Delaying Britain’s departure from the EU would be better for the economy in the longer term – but the move could also have a damaging impact on firms that have spent two years preparing for a 29 March exit and now face the prospect of planning for a double cliff-edge, in March and June, business leaders have warned.
Companies across Britain now face the growing likelihood that the Brexit process could be delayed beyond the end of March, after Theresa May told parliament that MPs would get a vote on Thursday 14 March on extending the article 50 process – if the Commons has not passed a deal by then, and if MPs vote to reject no-deal.
While that would postpone damage to the economy from crashing out on 29 March, it would not remove the risk of no-deal Brexit at a later date. Meanwhile, the continued cloud of uncertainty would act as a drag on the economy for a longer period.

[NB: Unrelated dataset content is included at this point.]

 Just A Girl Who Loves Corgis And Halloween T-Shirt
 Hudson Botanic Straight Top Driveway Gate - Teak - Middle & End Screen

Ahead of next month’s vote on extending article 50, companies face the prospect of a potential double cliff-edge to plan around. It also comes after the government has in recent months issued repeated warnings telling firms to prepare for a no-deal Brexit next month.
A spokeswoman for financial firms in the City warned that an extension to article 50 could leave firms in limbo. Catherine McGuinness, policy chair at the City of London Corporation, welcomed the prime minister’s plan but also warned that it must not be “a bridge to nowhere”. McGuinness said a deal was needed “to enable City firms to plan for the future”.
Liberal Democrat Brexit spokesman Tom Brake said it was a “positive step” that MPs would now have the chance to avoid a no-deal exit. But he added: “Rather than ending the uncertainty, the PM has instead created a potential double cliff-edge that businesses will need to plan for.”
Businesses have spent the past two years preparing for a potential cliff-edge Brexit on 29 March, ramping up their planning in recent months as parliament has become increasingly gridlocked over the issue. Some observers said it was too late for companies to alter their plans.
BMW has set out plans to shut its Mini plant for a month at the end of March to minimise the impact of a no-deal Brexit that it fears would cause a shortage of parts.
Many businesses have raised their stockpiling efforts in recent months in anticipation of the March Brexit date, while others are relocating activities elsewhere within the EU or otherwise changing their plans.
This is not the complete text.